A while ago I mentioned I was experimenting with some ways of drawing icons on the Norns display. One avenue I’ve been exploring is an ultra-simplistic bitmap tool that just draws a binary array by pixel. It’s using an 8x8 grid at the moment and just loops through the array and decides whether to draw a pixel or not. I started by just writing an table in Lua like below, and used line breaks to eyeball where the pixels would draw:
local plus = {
0,0,0,1,1,0,0,0,
0,0,0,1,1,0,0,0,
0,0,0,1,1,0,0,0,
1,1,1,1,1,1,1,1,
1,1,1,1,1,1,1,1,
0,0,0,1,1,0,0,0,
0,0,0,1,1,0,0,0,
0,0,0,1,1,0,0,0,
}
function draw_glyph(glyph, x, y)
local px = x
local py = y
for i=1, 64 do
if glyph[i] == 1 then
screen.pixel(px, py)
screen.level(8)
screen.fill()
end
px = px + 1
if px > (x+7) then
px = x
py = py + 1
end
end
end
I then thought it might be less cumbersome to just make a little web tool to spit out those tables with a point and click interface like this:

At which point I realised if it’s output from tooling it may as well just be a one line string, changing the Lua code to this:
local smiley = "0000000000100100001001000000000001000010010000100011110000000000"
function draw_glyph_from_string(glyph_string, x, y)
local px = x
local py = y
for i=1, #glyph_string do
if string.sub(glyph_string, i, i) == "1" then
screen.pixel(px, py)
screen.level(8)
screen.fill()
end
px = px + 1
if px > (x+7) then
px = x
py = py + 1
end
end
end
Now I put that in front of myself, I suppose the tooling could be changed to use different shades of grey.

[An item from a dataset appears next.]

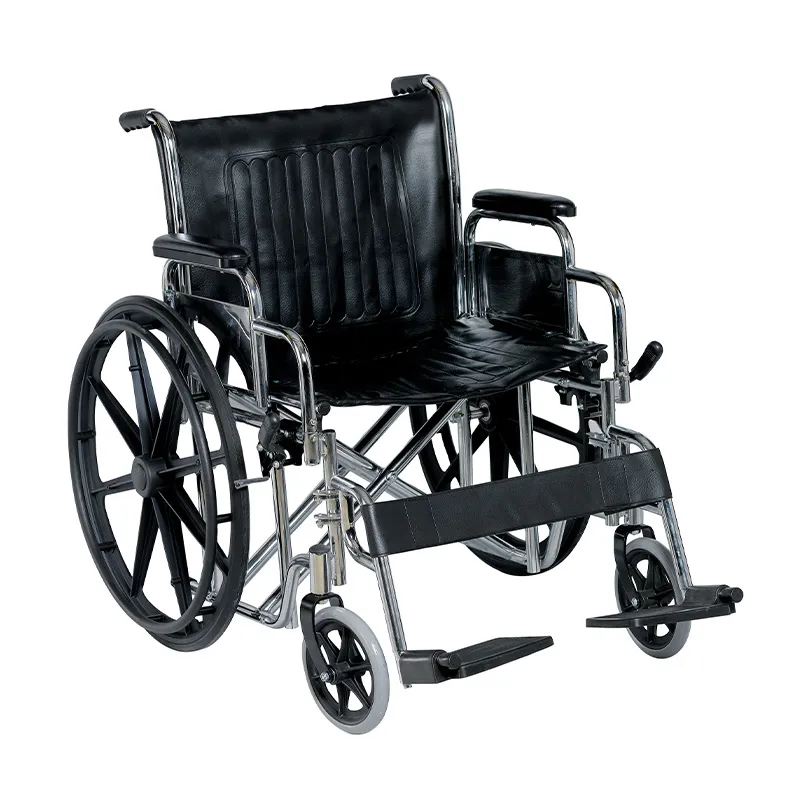 What group of people is Steel Wheelhair suitable for?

Though in my mind 1 bit icons were fine, in the style of Susan Kare which I’ve always been fond of.
My question is: Is this an efficient way of drawing? Looping through a table of pixel values? It was my understanding that while we can read bitmap images from disk it was generally efficient due to hitting the filesystem.